Bu sadece bir piyasa değil; yeni küresel güç mimarisinin ticari altyapısı. Çin zaten dünyanın en büyük petrol, doğal gaz, metal ve petrokimya alıcısı. Şimdi alıcı olmanın yanısıra finansal ve kurumsal mimariyi de kuran tarafa geçiyor. Alımlara ödediği parayı kendi ekonomisine geri getiriyor.

Yumuşama Değil, “Soğuk Barış”

APEC ve G20’de verilen sıcak görüntüler, el sıkışmalar, “işbirliği” mesajları bir yakınlaşma izlenimi yarattı. Ancak özde hiçbir şey değişmiş değil. ABD ile Çin arasındaki mücadele, son yarım yüzyılın en sert stratejik hesaplaşması. Sıcak savaş yok, fakat açıkça tanımlanmış bir “soğuk barış” dönemi var.
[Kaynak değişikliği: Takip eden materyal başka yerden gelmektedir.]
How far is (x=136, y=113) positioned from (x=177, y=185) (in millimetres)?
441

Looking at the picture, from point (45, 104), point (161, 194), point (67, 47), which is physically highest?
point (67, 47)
Görünürde diplomasi; perde arkasında teknoloji, tedarik ve finans üzerinden sürdürülen bir güç satrancı.

Washington’un 2017’den bu yana uyguladığı tarifeler ve lisans kısıtlamaları, Trump döneminde başlamıştı. Biden bunları geri almak yerine genişletti. Şimdi yeniden sertleşen Trump yönetimiyle yeni bir fazdayız. 2024–2025’te ABD:

* 100’den fazla Çinli teknoloji şirketine ihracat yasağı

* yüzde 25–yüzde 245 arasında değişen ek gümrük tarifeleri

* Elektrikli araç ve batarya teknolojisine karşı özel engeller

* Çip ve yarı iletken üreticilerine lisans blokajları

uyguluyor.

Fakat bu kez tablo farklı. Çin savunmada değil. İlk kez sert ve hesaplı bir karşı hamle devrede.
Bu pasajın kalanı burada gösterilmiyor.